What followed could be viewed, perhaps as not the best steps in bringing the fine work that had been done to the attention of the world. The work had been done by the time of the Rochester Conference, in 1957. But Sudarshan, as a graduate student, did not get to present the work and had to hear distinguished speakers puzzle over a problem that he had solved! A little later, Sudarshan presented to a gathering that included the celebrated Murrey Gell-Mann, how some of the experimental data was inconsistent and their own resolution of the puzzle through the V-A form of the interaction. Sudarshan and Marshak suggested that some of the experiments be redone, which led to some of the experiments being proved faulty and the V-A form as correct theory. In September 1957, Marshak presented a paper at a conference in Padua-Venice and they considered their finding as good as published. This, in retrospect, was an error. Sudarshan did try to ask Marshak to get the work formally published, but he was then a student, and Marshak appears to have been preoccupied.

A little after Marshak and Sudarshan’s work, Richard Feynman and Gell-Mann who had worked on weak interactions from a field theory viewpoint also proposed a V-A form for beta decay, in a paper in Physical Review.
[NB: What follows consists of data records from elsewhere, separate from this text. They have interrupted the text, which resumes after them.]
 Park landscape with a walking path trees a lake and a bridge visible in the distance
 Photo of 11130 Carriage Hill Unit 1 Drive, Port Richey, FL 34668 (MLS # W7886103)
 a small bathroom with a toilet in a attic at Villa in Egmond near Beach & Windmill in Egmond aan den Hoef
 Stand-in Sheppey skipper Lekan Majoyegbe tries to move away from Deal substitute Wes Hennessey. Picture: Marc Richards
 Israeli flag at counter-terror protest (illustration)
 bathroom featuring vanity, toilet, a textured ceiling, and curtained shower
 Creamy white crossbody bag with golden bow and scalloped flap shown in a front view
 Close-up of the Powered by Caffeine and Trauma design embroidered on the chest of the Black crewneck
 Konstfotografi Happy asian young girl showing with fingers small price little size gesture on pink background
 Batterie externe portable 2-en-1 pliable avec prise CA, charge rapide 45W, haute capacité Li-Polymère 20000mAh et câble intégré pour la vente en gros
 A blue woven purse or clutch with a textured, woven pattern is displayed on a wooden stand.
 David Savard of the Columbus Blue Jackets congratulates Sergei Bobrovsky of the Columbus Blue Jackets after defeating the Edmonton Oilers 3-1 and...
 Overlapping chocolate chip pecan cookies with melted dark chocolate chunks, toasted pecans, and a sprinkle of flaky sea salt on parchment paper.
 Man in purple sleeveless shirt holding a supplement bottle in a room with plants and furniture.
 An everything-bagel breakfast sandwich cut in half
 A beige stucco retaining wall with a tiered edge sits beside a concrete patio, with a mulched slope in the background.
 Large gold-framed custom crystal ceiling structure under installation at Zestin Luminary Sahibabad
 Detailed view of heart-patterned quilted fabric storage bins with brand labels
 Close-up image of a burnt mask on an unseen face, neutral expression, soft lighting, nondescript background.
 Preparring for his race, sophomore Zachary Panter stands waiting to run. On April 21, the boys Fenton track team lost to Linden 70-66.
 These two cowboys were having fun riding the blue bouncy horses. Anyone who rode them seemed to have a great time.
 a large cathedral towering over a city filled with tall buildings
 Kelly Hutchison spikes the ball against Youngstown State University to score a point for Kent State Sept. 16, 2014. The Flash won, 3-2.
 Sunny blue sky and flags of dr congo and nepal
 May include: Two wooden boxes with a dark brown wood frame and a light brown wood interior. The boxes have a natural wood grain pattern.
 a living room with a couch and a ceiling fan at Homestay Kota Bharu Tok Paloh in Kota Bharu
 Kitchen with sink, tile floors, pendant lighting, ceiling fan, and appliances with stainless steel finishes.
A paper in Physical Review was certainly a more public presentation and it is not surprising that for some years, it was Feynman and Gell-Mann who got the limelight for the V-A theory of the weak force.

In the last forty years, the theory of elementary particles has got greatly refined, with the proton itself considered to be made of three of a set of particles called ‘quarks’, which give rise to the strong force by exchange of ‘gluons’, and the weak force is seen to arise from exchange of very heavy, ‘W’ particles. In perspective, Sudarshan’s early work leading to the V-A interaction being responsible for the weak force has been seen as the start of much of the development and now, at least, his place in the story is unquestioned.

Sudarshan got his Ph.D. shortly after and he moved on to work at Harvard, Rochester, Berne, Syracuse and from 1969, at University of Texas at Austin. For eleven years, he was senor professor at the Indian Institute of Science, Bangalore and for six years, Director of the Institute for Mathematical Sciences, Chennai. He continued to work in different fields and wrote a book on particle physics, along with Professor Marshak.

He is married to Professor Bhamathi, also a physicist, and has three children.